SUPPLIED DATA: Begin

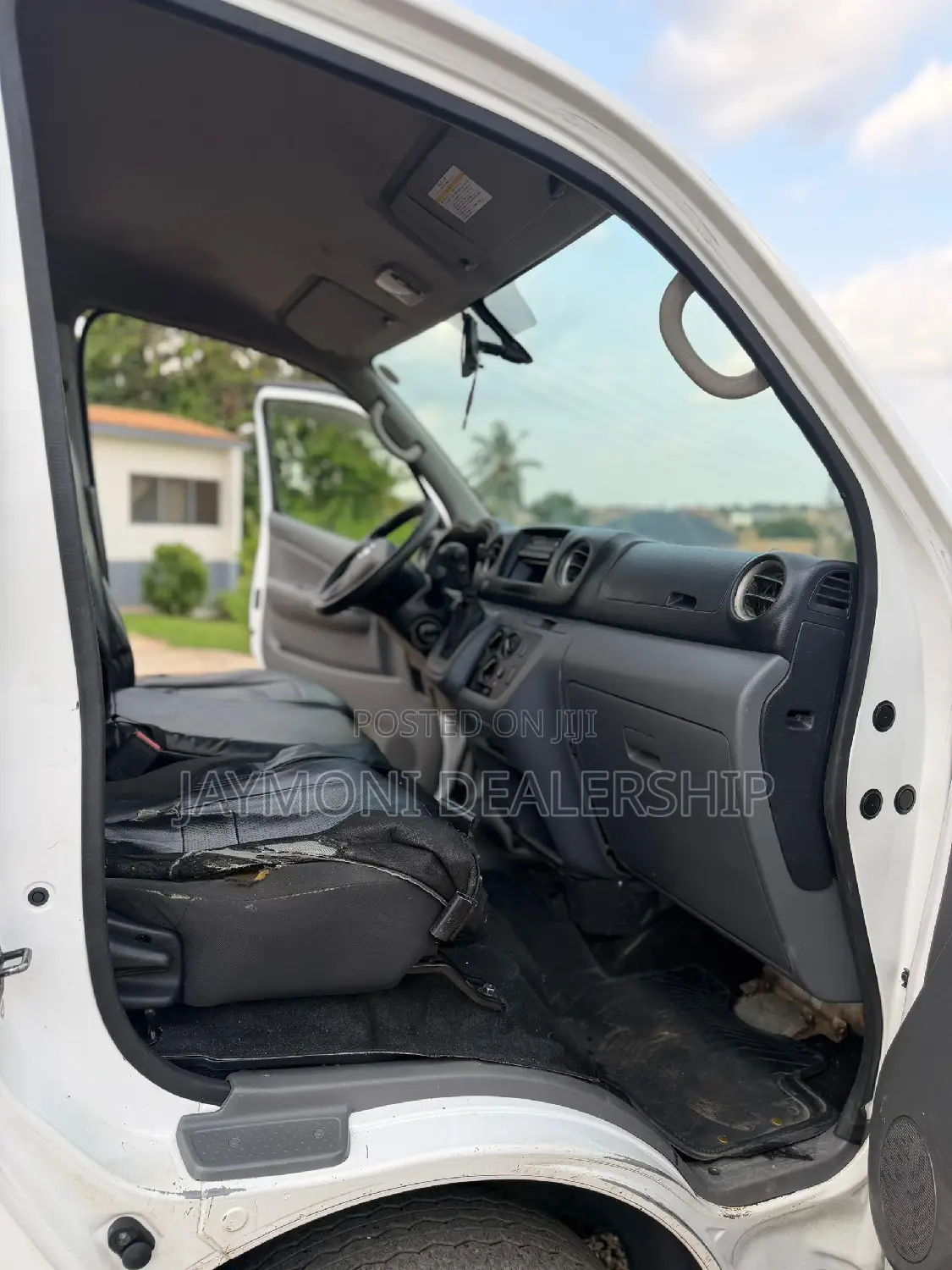 Nissan Caravan 2011 White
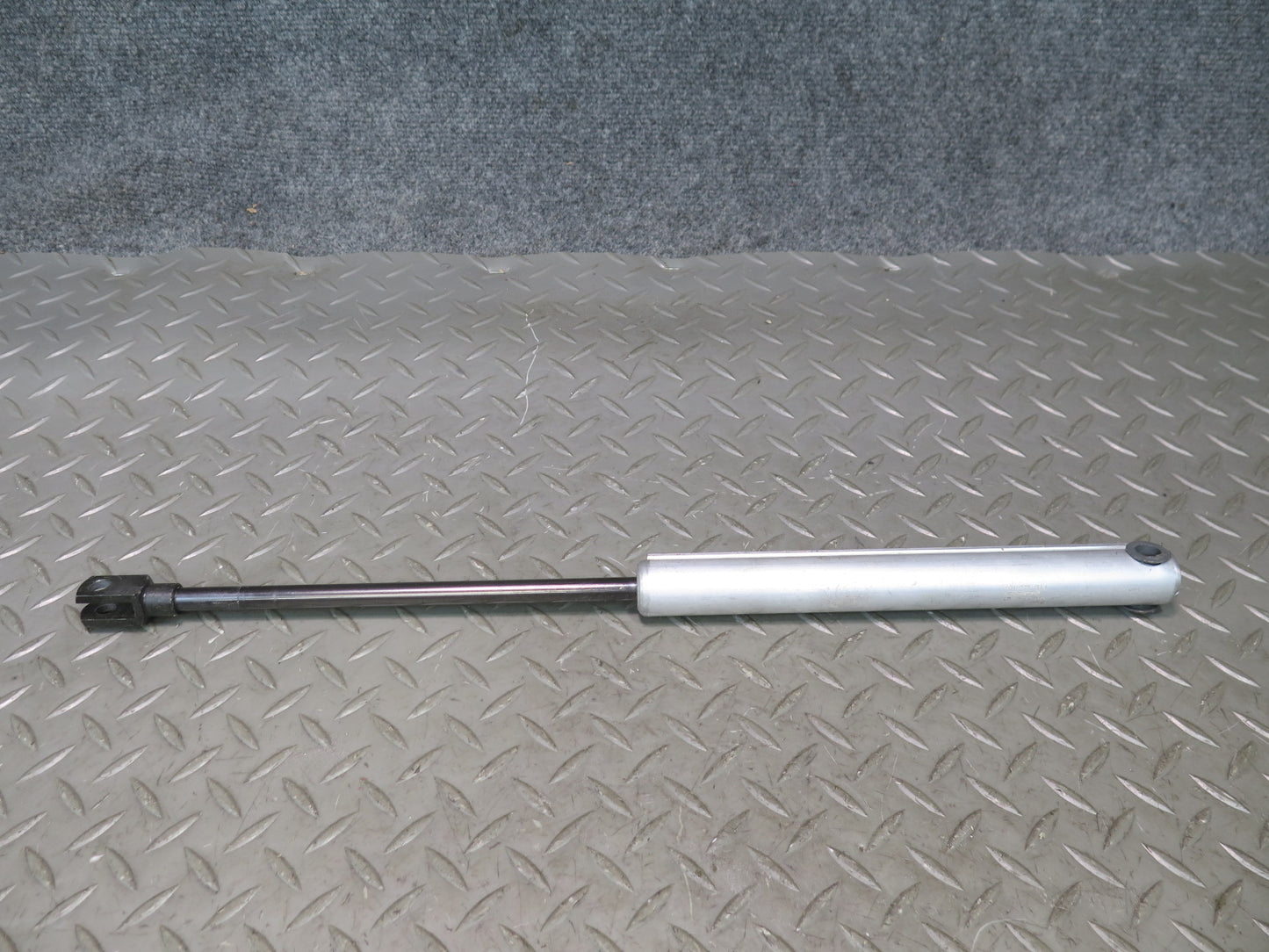 03-06 Chevrolet SSR Set of 7 Convertible TOP Roof Hydraulic Cylinder OEM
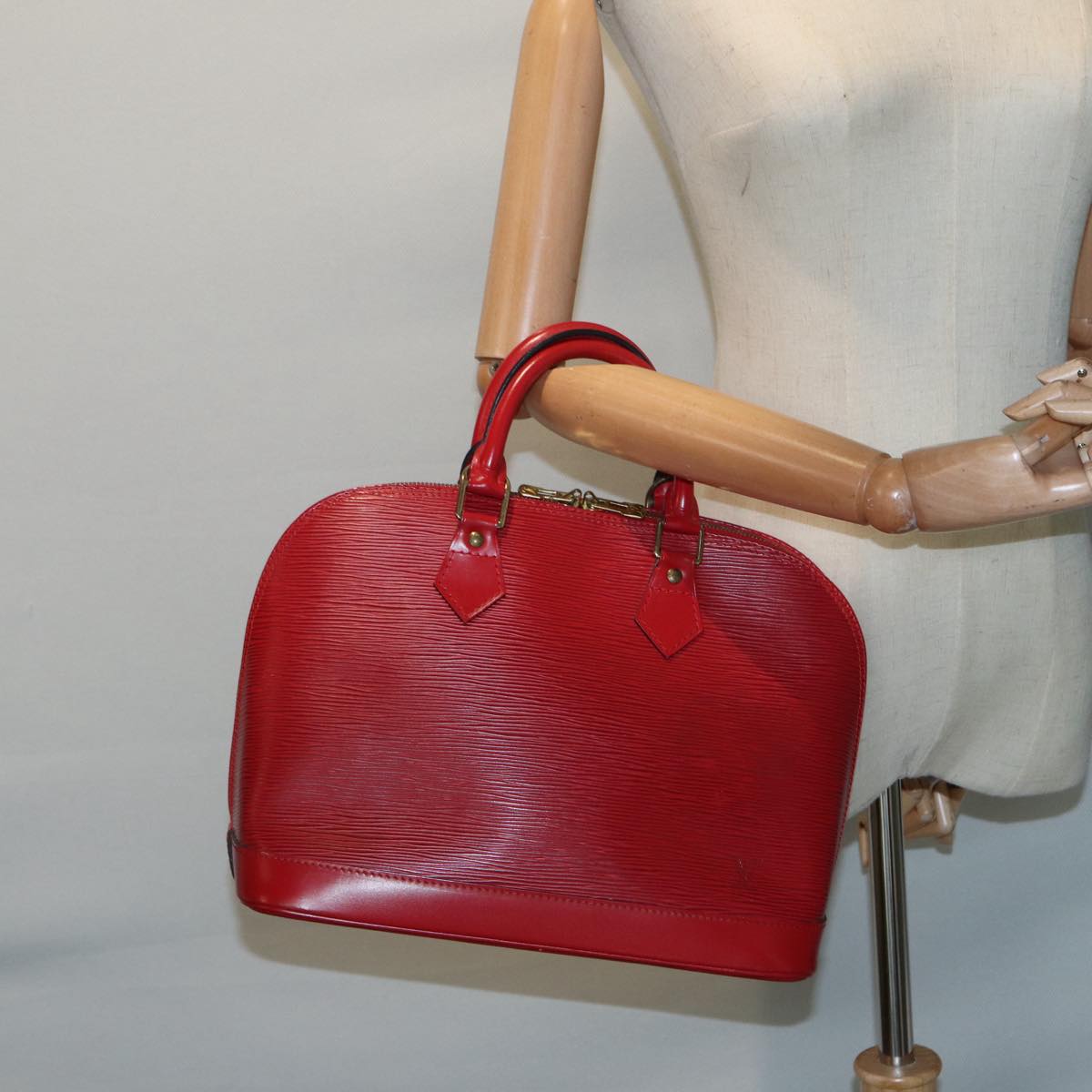 LOUIS VUITTON Epi Alma Hand Bag Castilian Red M52147 LV Auth 79338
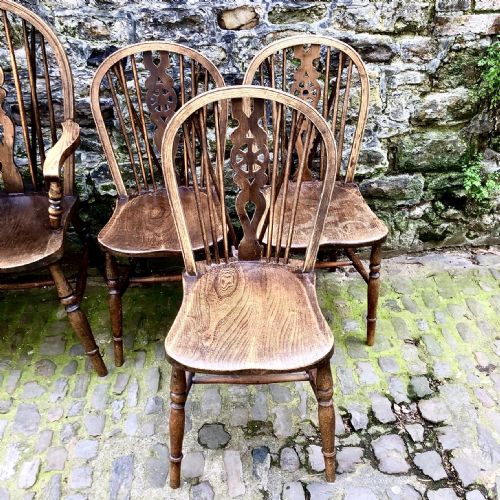A SET OF SEVEN ASH AND ELM WINDSOR CHAIRS - ADDITIONAL PHOTO 3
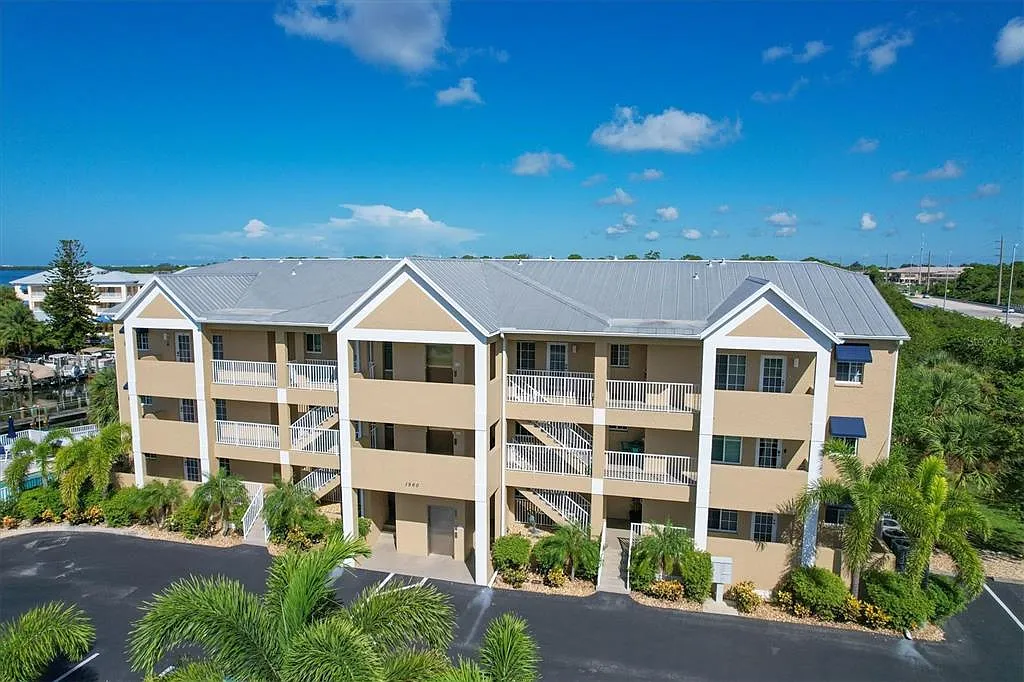 2 bed, 2.0 bath, 1360 sqft, $3,750 — Photo 4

SUPPLIED DATA: End

→ **EXERCISE GOAL**
Repeat each line word for word, from the one with "LOUIS VUITTON Epi" down to the last line of the data, and keep the pictures out of it.

→ **ANSWER FOR THIS EXERCISE**
 LOUIS VUITTON Epi Alma Hand Bag Castilian Red M52147 LV Auth 79338
A SET OF SEVEN ASH AND ELM WINDSOR CHAIRS - ADDITIONAL PHOTO 3
 2 bed, 2.0 bath, 1360 sqft, $3,750 — Photo 4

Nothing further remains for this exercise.